#### What is expected
In the listing below, the answer starts at the line that has "Healthy Protein Bars" and stops after the line that has "Coronavirus en la"; please repeat that part exactly and nothing more.

#### Extracted entries

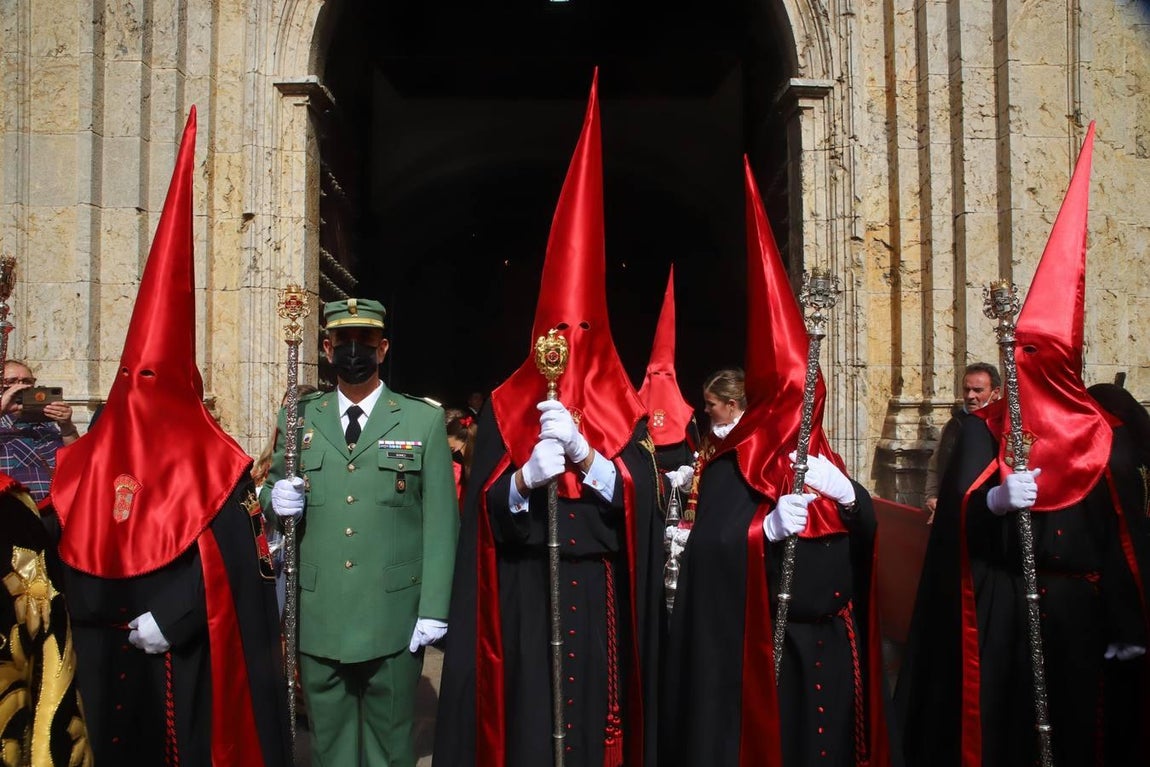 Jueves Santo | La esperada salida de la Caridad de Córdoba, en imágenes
---
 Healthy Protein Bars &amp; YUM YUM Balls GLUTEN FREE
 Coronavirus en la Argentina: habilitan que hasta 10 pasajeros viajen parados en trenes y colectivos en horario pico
...
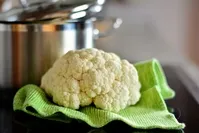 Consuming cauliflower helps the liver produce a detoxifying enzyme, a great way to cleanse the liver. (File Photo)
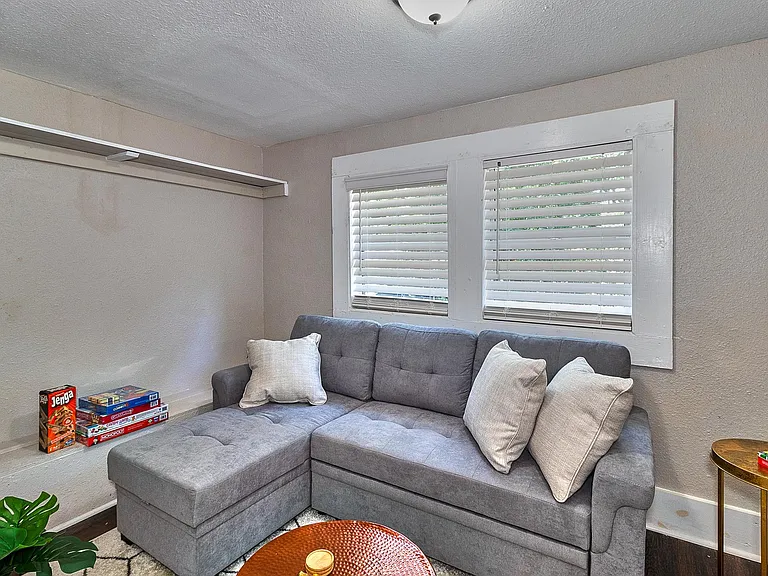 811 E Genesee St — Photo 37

#### Your response
 Healthy Protein Bars &amp; YUM YUM Balls GLUTEN FREE
 Coronavirus en la Argentina: habilitan que hasta 10 pasajeros viajen parados en trenes y colectivos en horario pico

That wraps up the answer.